Web page caption snippets:
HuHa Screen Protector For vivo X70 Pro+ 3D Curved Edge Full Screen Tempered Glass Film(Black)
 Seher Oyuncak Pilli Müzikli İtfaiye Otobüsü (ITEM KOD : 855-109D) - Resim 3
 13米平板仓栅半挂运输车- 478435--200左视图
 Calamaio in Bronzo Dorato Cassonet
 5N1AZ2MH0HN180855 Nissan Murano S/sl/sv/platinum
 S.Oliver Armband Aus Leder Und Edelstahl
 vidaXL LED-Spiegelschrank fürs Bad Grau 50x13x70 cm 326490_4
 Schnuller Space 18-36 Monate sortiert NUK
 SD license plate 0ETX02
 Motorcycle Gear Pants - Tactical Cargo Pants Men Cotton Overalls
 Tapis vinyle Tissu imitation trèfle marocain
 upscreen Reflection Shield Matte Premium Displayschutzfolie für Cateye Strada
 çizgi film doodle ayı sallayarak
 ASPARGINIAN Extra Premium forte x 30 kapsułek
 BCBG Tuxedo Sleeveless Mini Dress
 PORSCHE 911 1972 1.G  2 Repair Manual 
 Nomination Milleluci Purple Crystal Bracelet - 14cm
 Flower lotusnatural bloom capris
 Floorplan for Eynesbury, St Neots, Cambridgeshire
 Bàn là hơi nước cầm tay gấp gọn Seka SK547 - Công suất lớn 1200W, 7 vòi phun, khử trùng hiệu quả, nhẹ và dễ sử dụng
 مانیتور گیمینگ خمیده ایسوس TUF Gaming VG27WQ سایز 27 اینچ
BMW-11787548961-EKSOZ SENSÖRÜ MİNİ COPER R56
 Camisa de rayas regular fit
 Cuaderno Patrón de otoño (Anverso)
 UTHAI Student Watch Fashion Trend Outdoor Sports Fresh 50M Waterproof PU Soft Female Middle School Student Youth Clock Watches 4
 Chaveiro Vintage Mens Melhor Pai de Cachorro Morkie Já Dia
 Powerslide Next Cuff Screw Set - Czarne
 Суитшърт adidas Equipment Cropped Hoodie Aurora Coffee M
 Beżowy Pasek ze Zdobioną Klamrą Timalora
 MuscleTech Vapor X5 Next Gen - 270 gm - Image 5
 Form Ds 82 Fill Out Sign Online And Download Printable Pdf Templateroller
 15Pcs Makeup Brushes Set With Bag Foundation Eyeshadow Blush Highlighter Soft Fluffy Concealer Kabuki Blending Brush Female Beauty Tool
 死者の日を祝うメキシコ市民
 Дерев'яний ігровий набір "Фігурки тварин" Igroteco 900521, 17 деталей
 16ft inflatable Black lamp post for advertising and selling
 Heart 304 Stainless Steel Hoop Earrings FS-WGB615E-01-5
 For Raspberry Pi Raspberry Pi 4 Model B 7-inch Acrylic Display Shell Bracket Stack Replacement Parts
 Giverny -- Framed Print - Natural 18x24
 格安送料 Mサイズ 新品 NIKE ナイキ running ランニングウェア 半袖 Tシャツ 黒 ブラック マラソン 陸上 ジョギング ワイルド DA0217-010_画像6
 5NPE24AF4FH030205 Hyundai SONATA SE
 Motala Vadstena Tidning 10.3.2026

## TASK PROMPT:
From the data above, copy each line exactly.

## YOUR RESPONSE:
HuHa Screen Protector For vivo X70 Pro+ 3D Curved Edge Full Screen Tempered Glass Film(Black)
 Seher Oyuncak Pilli Müzikli İtfaiye Otobüsü (ITEM KOD : 855-109D) - Resim 3
 13米平板仓栅半挂运输车- 478435--200左视图
 Calamaio in Bronzo Dorato Cassonet
 5N1AZ2MH0HN180855 Nissan Murano S/sl/sv/platinum
 S.Oliver Armband Aus Leder Und Edelstahl
 vidaXL LED-Spiegelschrank fürs Bad Grau 50x13x70 cm 326490_4
 Schnuller Space 18-36 Monate sortiert NUK
 SD license plate 0ETX02
 Motorcycle Gear Pants - Tactical Cargo Pants Men Cotton Overalls
 Tapis vinyle Tissu imitation trèfle marocain
 upscreen Reflection Shield Matte Premium Displayschutzfolie für Cateye Strada
 çizgi film doodle ayı sallayarak
 ASPARGINIAN Extra Premium forte x 30 kapsułek
 BCBG Tuxedo Sleeveless Mini Dress
 PORSCHE 911 1972 1.G  2 Repair Manual 
 Nomination Milleluci Purple Crystal Bracelet - 14cm
 Flower lotusnatural bloom capris
 Floorplan for Eynesbury, St Neots, Cambridgeshire
 Bàn là hơi nước cầm tay gấp gọn Seka SK547 - Công suất lớn 1200W, 7 vòi phun, khử trùng hiệu quả, nhẹ và dễ sử dụng
 مانیتور گیمینگ خمیده ایسوس TUF Gaming VG27WQ سایز 27 اینچ
BMW-11787548961-EKSOZ SENSÖRÜ MİNİ COPER R56
 Camisa de rayas regular fit
 Cuaderno Patrón de otoño (Anverso)
 UTHAI Student Watch Fashion Trend Outdoor Sports Fresh 50M Waterproof PU Soft Female Middle School Student Youth Clock Watches 4
 Chaveiro Vintage Mens Melhor Pai de Cachorro Morkie Já Dia
 Powerslide Next Cuff Screw Set - Czarne
 Суитшърт adidas Equipment Cropped Hoodie Aurora Coffee M
 Beżowy Pasek ze Zdobioną Klamrą Timalora
 MuscleTech Vapor X5 Next Gen - 270 gm - Image 5
 Form Ds 82 Fill Out Sign Online And Download Printable Pdf Templateroller
 15Pcs Makeup Brushes Set With Bag Foundation Eyeshadow Blush Highlighter Soft Fluffy Concealer Kabuki Blending Brush Female Beauty Tool
 死者の日を祝うメキシコ市民
 Дерев'яний ігровий набір "Фігурки тварин" Igroteco 900521, 17 деталей
 16ft inflatable Black lamp post for advertising and selling
 Heart 304 Stainless Steel Hoop Earrings FS-WGB615E-01-5
 For Raspberry Pi Raspberry Pi 4 Model B 7-inch Acrylic Display Shell Bracket Stack Replacement Parts
 Giverny -- Framed Print - Natural 18x24
 格安送料 Mサイズ 新品 NIKE ナイキ running ランニングウェア 半袖 Tシャツ 黒 ブラック マラソン 陸上 ジョギング ワイルド DA0217-010_画像6
 5NPE24AF4FH030205 Hyundai SONATA SE
 Motala Vadstena Tidning 10.3.2026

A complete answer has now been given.